This is a smooth and not too complicated parameter space.
2. Many properties of the discriminant, $\Delta\subset GCI_{d^{r_1}_1\cdots d^{r_k}_k}$ can be obtained from the local consideration (Looijenga's book). It is a reduced divisor. To prove the irreducibility one considers the standard Nash modification, i.e. the incidence variety, $\tilde{\Delta}\subset \mathbb{P}^n\times GCI_{d^{r_1}_1\cdots d^{r_k}_k}$, consisting of pairs: the complete intersection and (one of) its singular point. The projection $\tilde{\Delta}\to\Delta$ is birational, while all the fibres of the projection onto $\mathbb{P}^n$ are linear spaces. Thus $\tilde{\Delta}$ is smooth, in particular $\Delta$ is irreducible.
A: The description of the Hilbert scheme of complete intersections (obtained by taking in an iterative way open subsets of grassmannian bundles, as explained in the answer above) may be found in part 2.2 of my thesis http://www.math.ens.fr/~obenoist/articles/Thesefinale.pdf. If the distinct degrees are $\delta_1<\dots<\delta_r$, at the $i$-th step you construct a grassmannian bundle corresponding to choosing the equations of degree $\delta_i$ up to multiples of the equations of lower degree, and you remove the closed locus where your equations do not define a complete intersection.

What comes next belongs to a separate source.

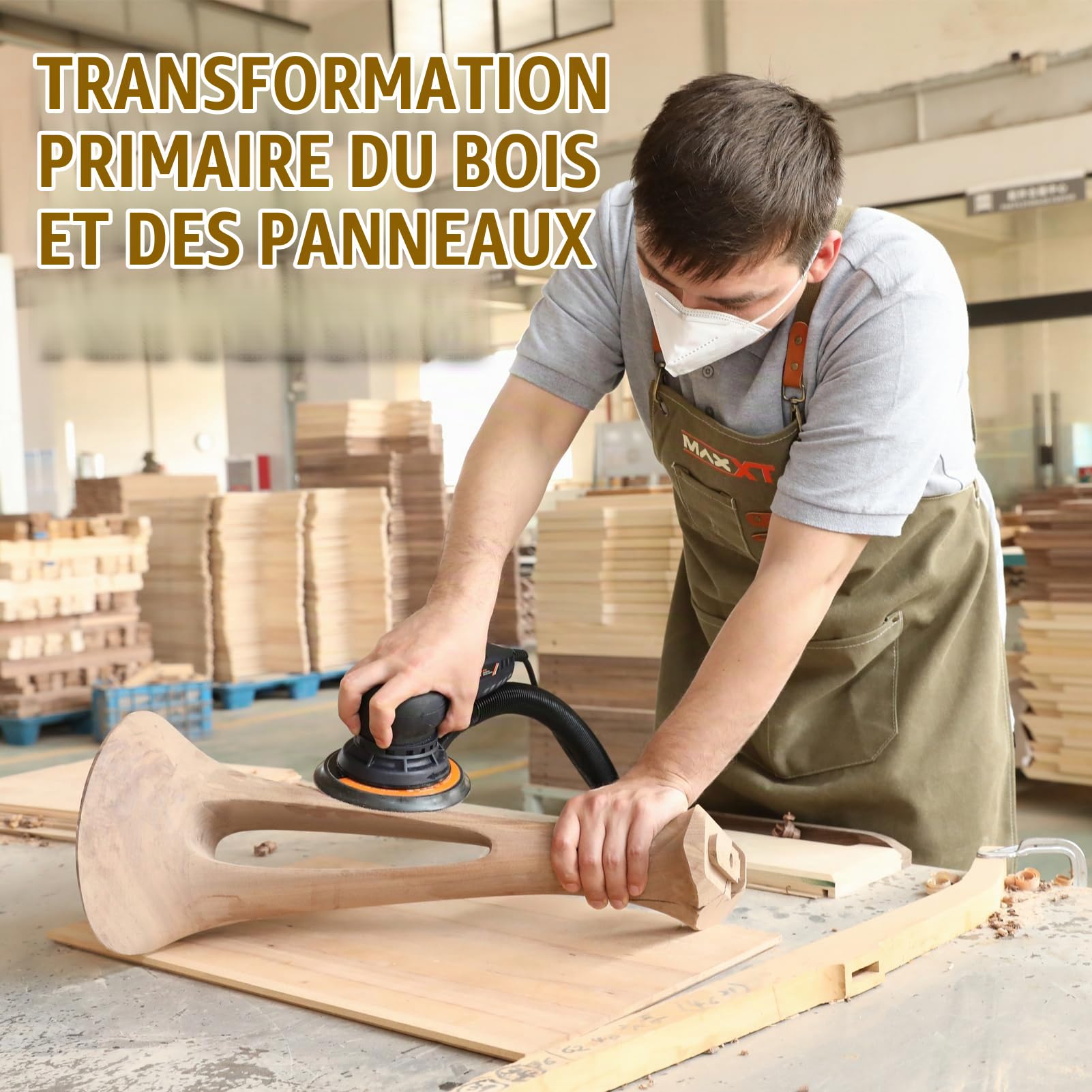 Ponceuse Excentrique Polyvalente MAXXT 230V : Pads de Soutien 125mm & 150mm, Ponceuse Électrique Sans Balai avec Vitesse Réglable, Parfaite pour les Surfaces en Bois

Note that this space is smooth. It is not complete unless $k=1$. However, the construction above provides an explicit compactification if $d_1\leq d_2=\dots=d_k$. This compactification is studied in part 2 of arXiv:1111.1589.

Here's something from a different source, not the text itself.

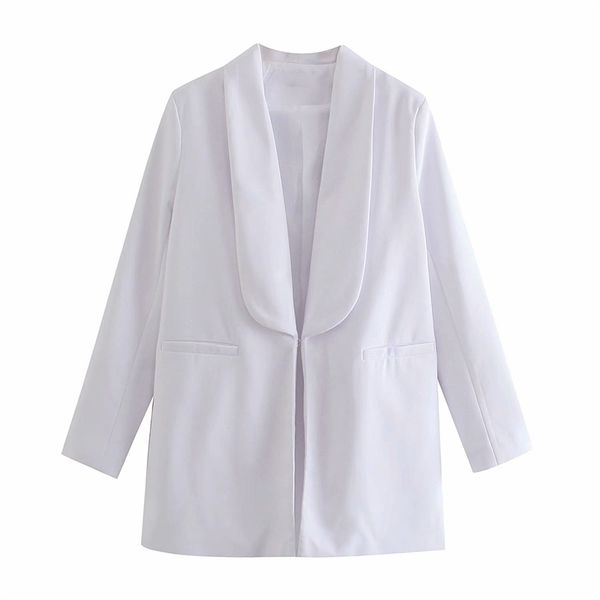 Sólido branco lapela moda blazer para escritório senhora bolsos casuais outwear mulheres streetwear vintage menina 210430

The Picard group of this Hilbert scheme is easy to describe (its rank increases by one with each grassmannian bundle and it is not changed when removing the small closed loci).The class of the discriminant in this Picard group (i.e. the degrees of the discriminant) is calculated in arXiv:1009.0704 Théorème 1.3, building on Gel'fand, Kapranov and Zelevinsky's work.